Voice of Customer Research: When to Do It and How to Make It Actually Work
- Chad Stimson

- 1 day ago
- 3 min read

Most companies think they understand their customers. They have CRM notes, NPS scores, and a pile of survey responses sitting in someone's inbox. What they usually do not have is a real, structured practice of listening to the market in a way that drives decisions.
Voice of Customer (VoC) research is the discipline of going directly to your buyers, your churned accounts, and your prospects to understand what they think, what they want, and why they make the decisions they make. Done right, it is one of the most valuable things a company can invest in. Done halfway, it just produces data that nobody acts on.
What VoC actually is
VoC is not a survey. It is a structured research practice that typically involves qualitative interviews, sometimes paired with quantitative validation. The core of it is one-on-one conversations with real people in your market, designed to surface things they would never put in a form field. You are listening for language, for the jobs they are trying to do, for the friction they are tolerating, and for what they actually value versus what your marketing assumes they value.
When to run VoC
The trigger events that most reliably justify a VoC initiative are these:
Before a product or service launch. You need to understand what buyers care about before you decide how to position, price, or build anything. Most companies skip this step and spend months correcting assumptions that a few dozen interviews would have surfaced early.
After a period of unexpected churn or a lost deal cycle. Win/loss analysis is a specific form of VoC, and it is one of the highest-ROI investments a sales or marketing team can make. Understanding why you lost is more actionable than understanding why you won.
When growth has stalled and no one agrees on why. Internal teams will generate a lot of theories. The only way to test those theories against reality is to go talk to the market.
Before a messaging or positioning overhaul. If you are rebuilding your narrative, you need your customers' language, not your internal team's. The words people use to describe their problems are almost never the words companies use in their marketing.
At minimum, annually. Markets shift. Buyer priorities shift. A VoC practice that only activates around crises is a reactive one. Running a recurring program gives you a baseline to compare against.
How to run it
Start with a clear research question. VoC fails when it is too broad. "What do our customers think?" is not a research question. "What is the primary reason buyers in the mid-market evaluate our category, and where do we fall short in the evaluation process?" is.
Design your guide, not a questionnaire. A good VoC interview has a loose structure with open-ended probes. You are not reading questions off a list. You are having a conversation and following threads.
Get the right respondents. This is where most programs fall apart. Talking only to your happiest customers is not VoC. You need current customers, churned accounts, and lost prospects. You also need enough diversity in company size, role, and use case to see real patterns.

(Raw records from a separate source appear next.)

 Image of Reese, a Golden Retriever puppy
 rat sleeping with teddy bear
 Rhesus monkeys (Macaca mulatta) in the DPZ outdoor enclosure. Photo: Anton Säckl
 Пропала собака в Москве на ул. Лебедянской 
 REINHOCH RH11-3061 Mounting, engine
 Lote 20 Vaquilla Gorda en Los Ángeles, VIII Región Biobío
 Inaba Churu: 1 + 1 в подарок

Conduct the interviews with discipline. Researchers should be trained to listen without leading. Every confirmation bias in the guide or the delivery will corrupt the output.
Synthesize for insight, not summary. Handing stakeholders a transcript is not analysis.

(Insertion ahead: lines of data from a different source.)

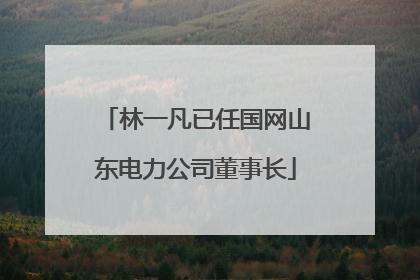 林一凡已任国网山东电力公司董事长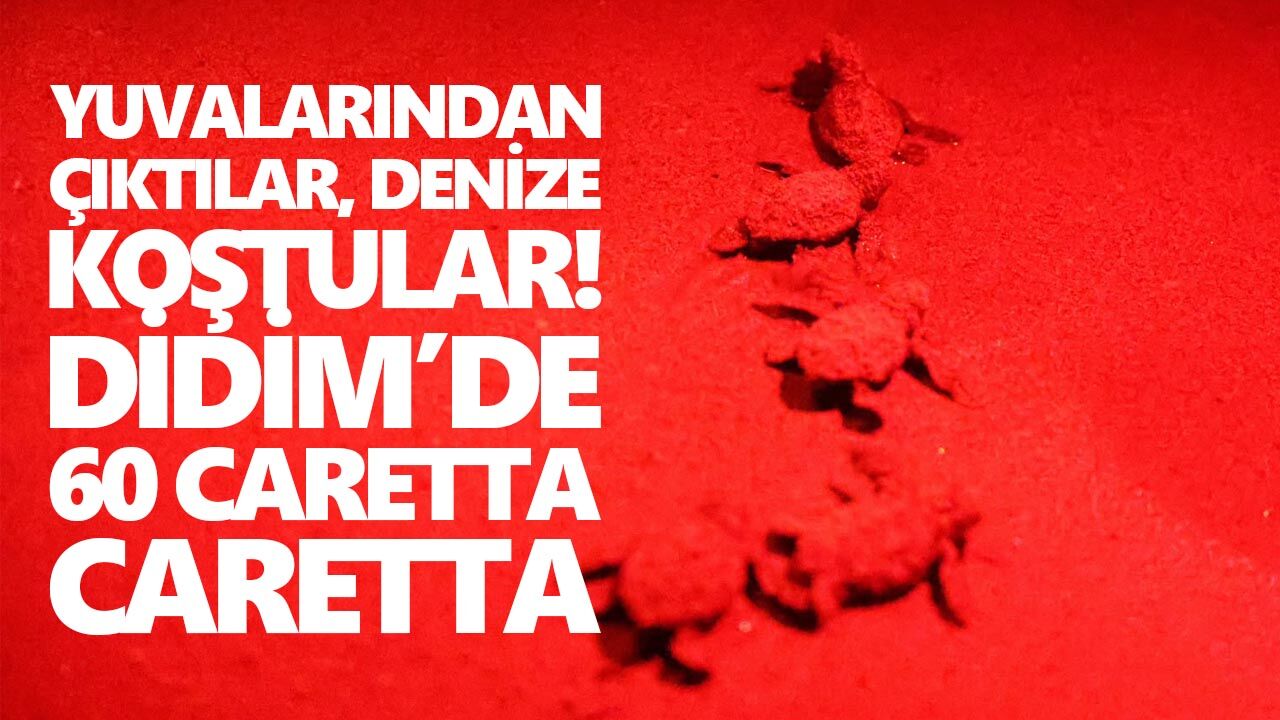 Yuvalarından çıktılar, denize koştular! Didim’de 60 caretta caretta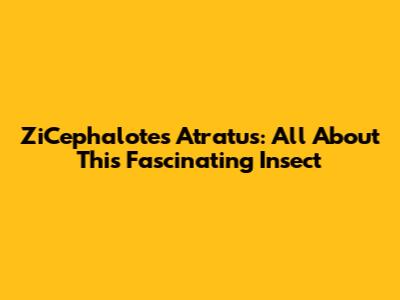 ZiCephalotes Atratus: All About This Fascinating Insect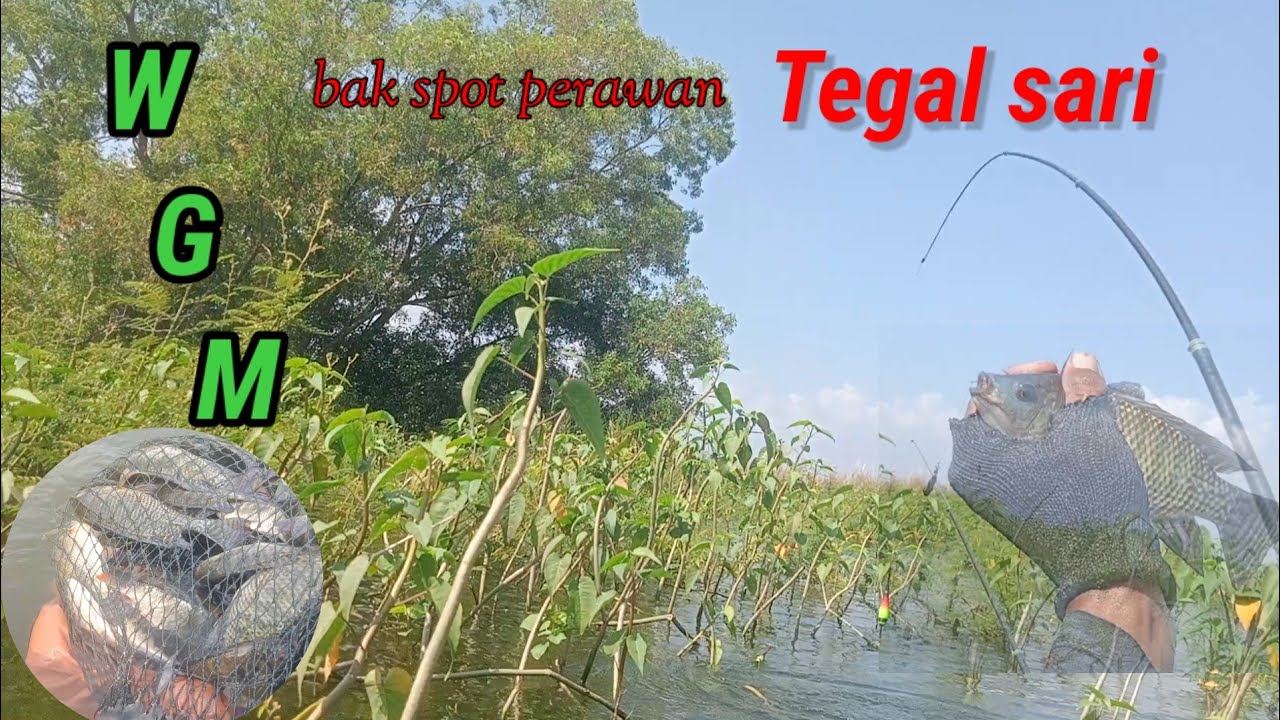 Spot jarang terjamah Waduk Gajah Mungkur ❗#wgmterbaru #fishing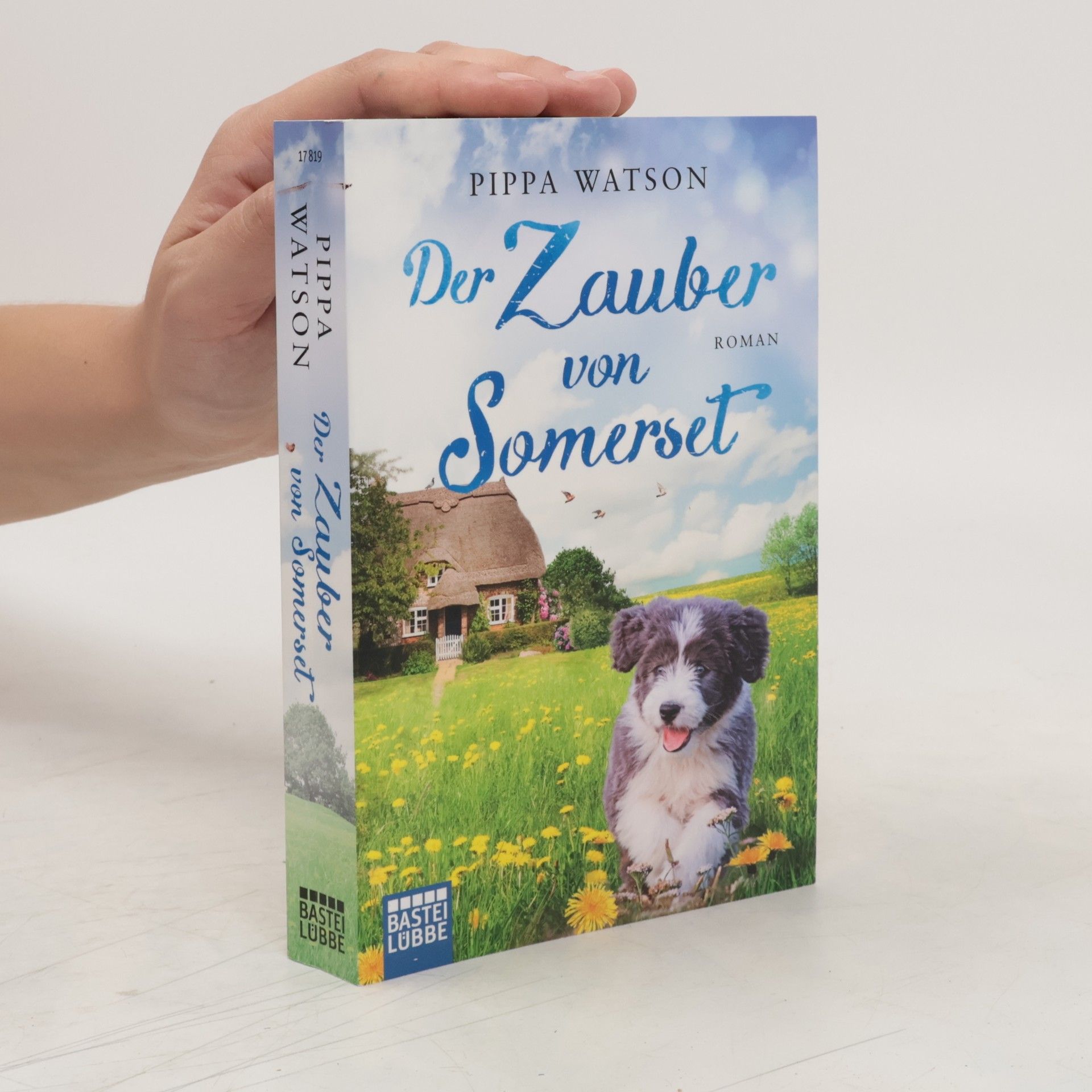 Pippa Watson Der Zauber von Somerset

The work is finding the patterns, naming the themes, and connecting them back to business decisions. A good synthesis makes clear what needs to change and what should stay the same.

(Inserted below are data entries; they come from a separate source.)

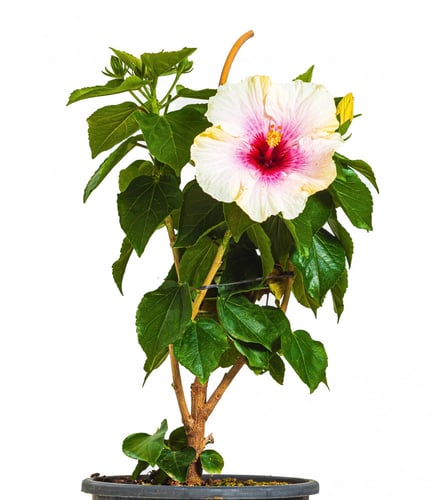 هايبسكس زهور بيضاء مركن 24 سم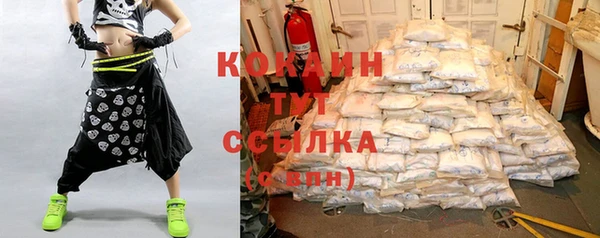 спиды Вяземский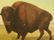 148: William Jacob Hays, Sr. 1862 Buffalo Western Paint - 3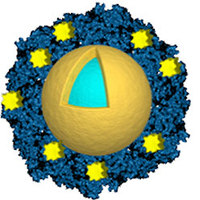 Gold Nanoshells Release Chemo on Command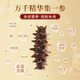 Kangyuetang Dalian ready-to-eat sea cucumbers, fresh sea cucumbers, bottom-sown wild authentic sea cucumbers, individually packaged frozen sea cucumbers, large king cucumbers, ready-to-eat sea cucumbers 1Jin Jin equals 0.5kg, 5-7 heads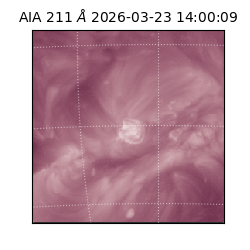 saia - 2026-03-23T14:00:09.624000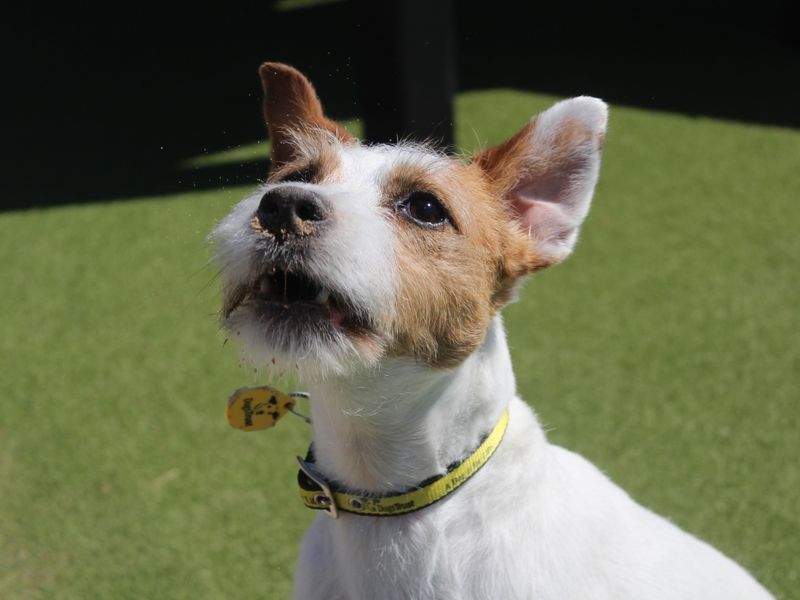 Ginny | Terrier (Parson Russell) | Evesham (Worcestershire) - 1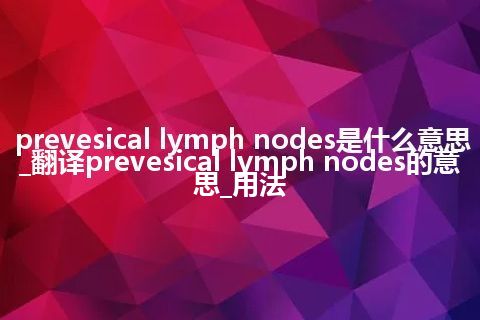 prevesical lymph nodes是什么意思_翻译prevesical lymph nodes的意思_用法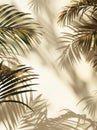 Palm Tree Shadow on Wall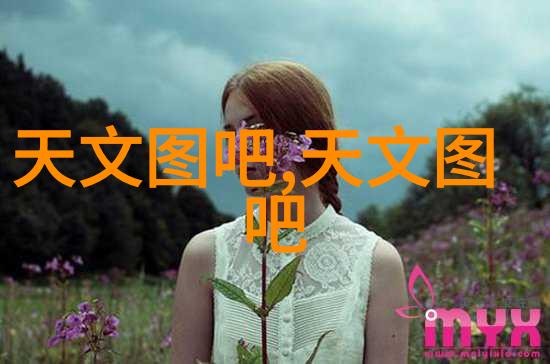 内蒙古财经大学官网开启智慧财富的窗口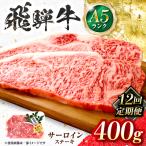飛騨牛 A5等級 サーロインステーキ 2枚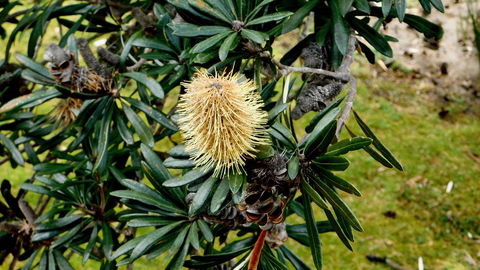 43 Degrees Bruny Island - Accommodation Brunswick Heads 11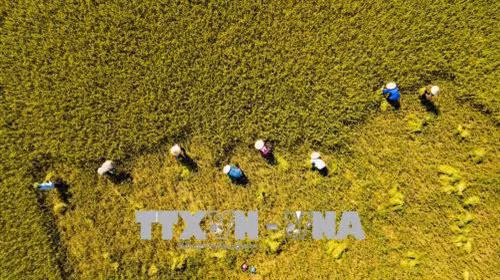 Nông dân thu hoạch lúa Đông Xuân năm 2018. Ảnh: Minh Đức - TTXVN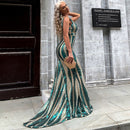 Evening Dress sequins strap, long tail, plunging neck, prom, backless
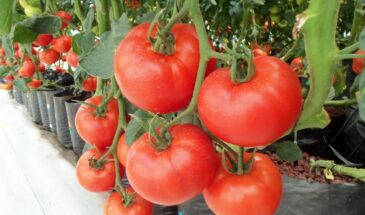 Через неделю после высадки томатов — 20 грамм в лейку: как получить по ведру помидоров с каждого куста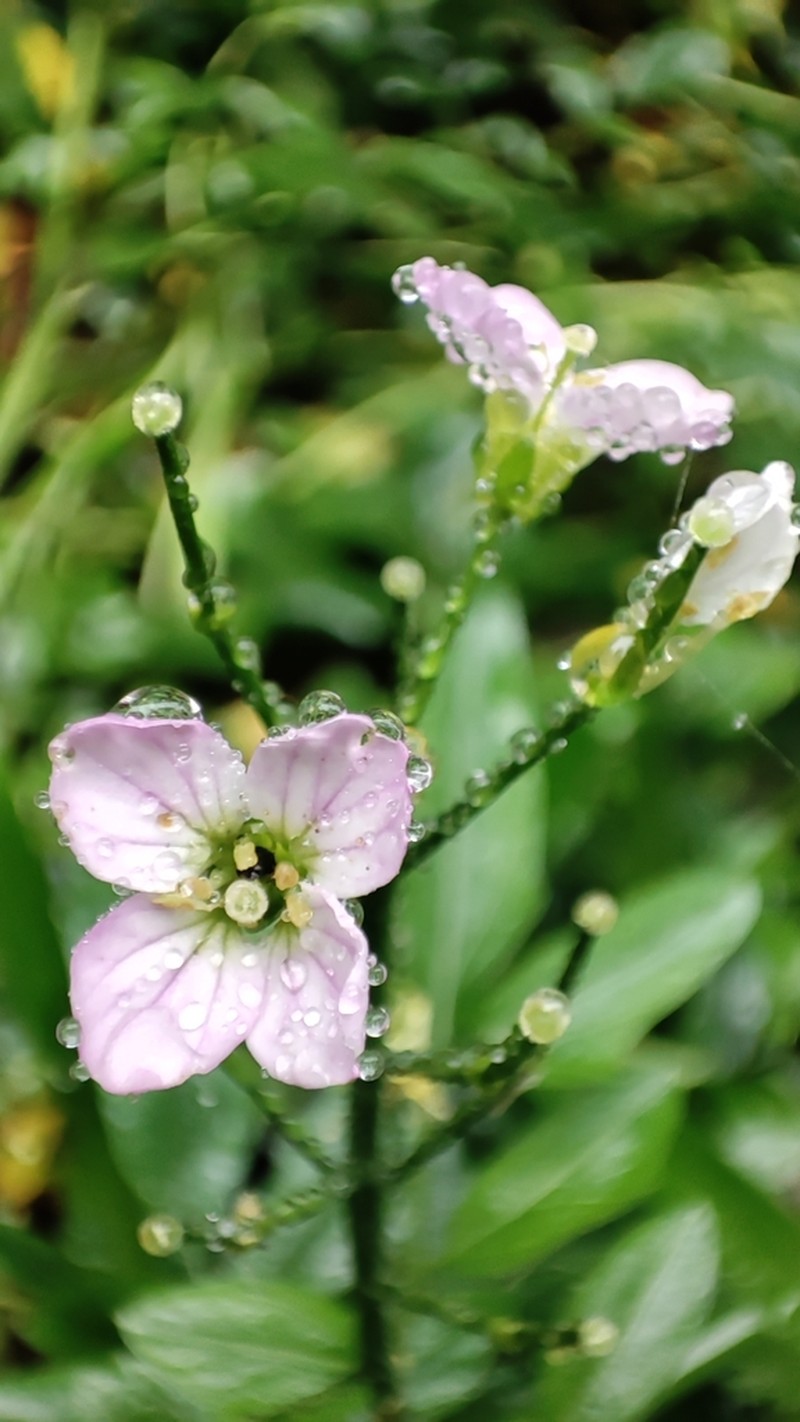 Cardamine raphanifolia photo 4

Distribute findings in a form that gets used. Insights die in decks that nobody opens. The format matters as much as the content. Battlecards, positioning briefs, product roadmaps, onboarding scripts: VoC findings need to live in the tools your teams actually touch.
The thing most companies miss
VoC is not a one-time project. The companies that get the most out of it build a rhythm. They talk to the market consistently, they track how sentiment and language shift over time, and they have a process for getting findings into the hands of the people who can act on them. That infrastructure takes real effort to build, but it compounds. The market is always telling you something. The question is whether you have a system in place to hear it.